With the pictures omitted, print exactly the lines below, from the one containing "Sambutan Megawati dalam" through the one containing "Peugeot 3008 BlueHDi 120 S&S EAT6 Allure LED", and nothing else.

- TASK DATA
--- START ---

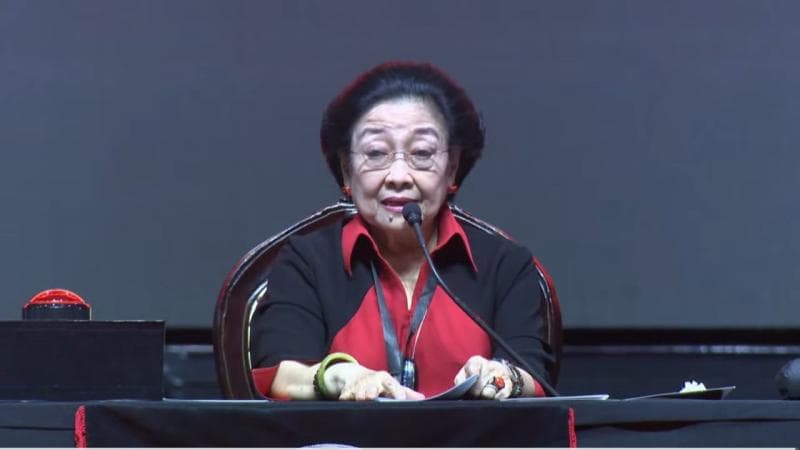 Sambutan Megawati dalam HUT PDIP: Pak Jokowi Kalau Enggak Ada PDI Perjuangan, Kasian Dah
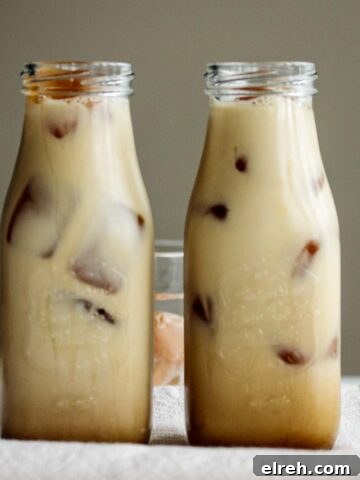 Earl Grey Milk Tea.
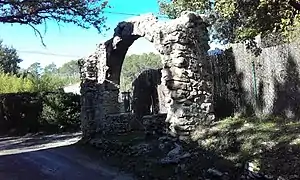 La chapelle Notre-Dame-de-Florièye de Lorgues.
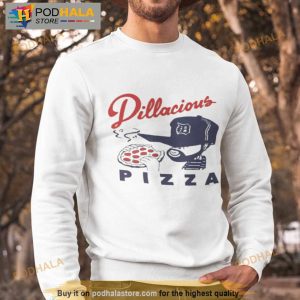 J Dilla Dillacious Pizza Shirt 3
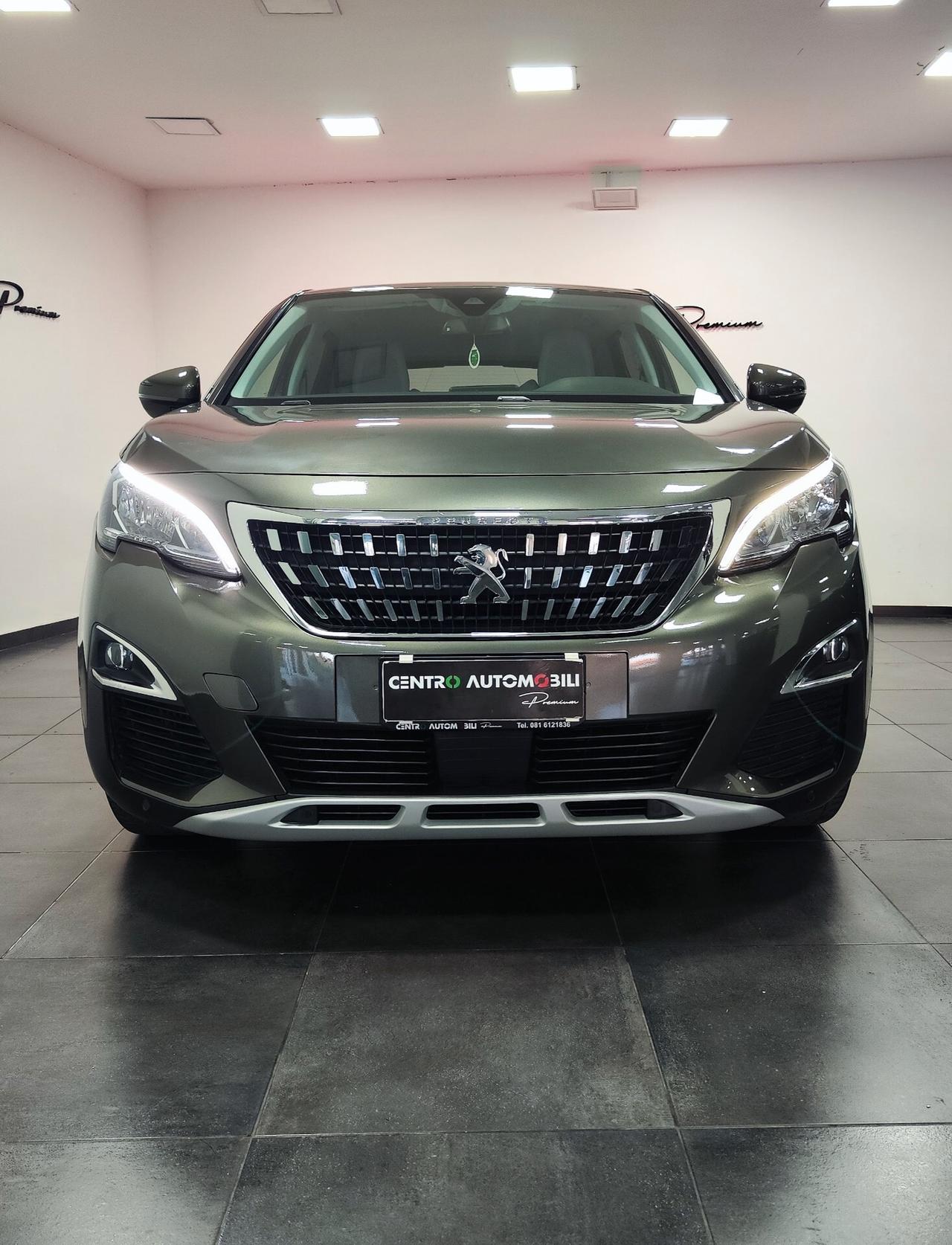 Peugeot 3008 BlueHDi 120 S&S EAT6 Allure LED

--- END ---
--- START ---

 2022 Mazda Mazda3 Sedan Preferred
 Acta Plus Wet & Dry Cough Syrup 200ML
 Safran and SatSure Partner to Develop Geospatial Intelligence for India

--- END ---

- EXPECTED OUTPUT
 Sambutan Megawati dalam HUT PDIP: Pak Jokowi Kalau Enggak Ada PDI Perjuangan, Kasian Dah
 Earl Grey Milk Tea.
 La chapelle Notre-Dame-de-Florièye de Lorgues.
 J Dilla Dillacious Pizza Shirt 3
 Peugeot 3008 BlueHDi 120 S&S EAT6 Allure LED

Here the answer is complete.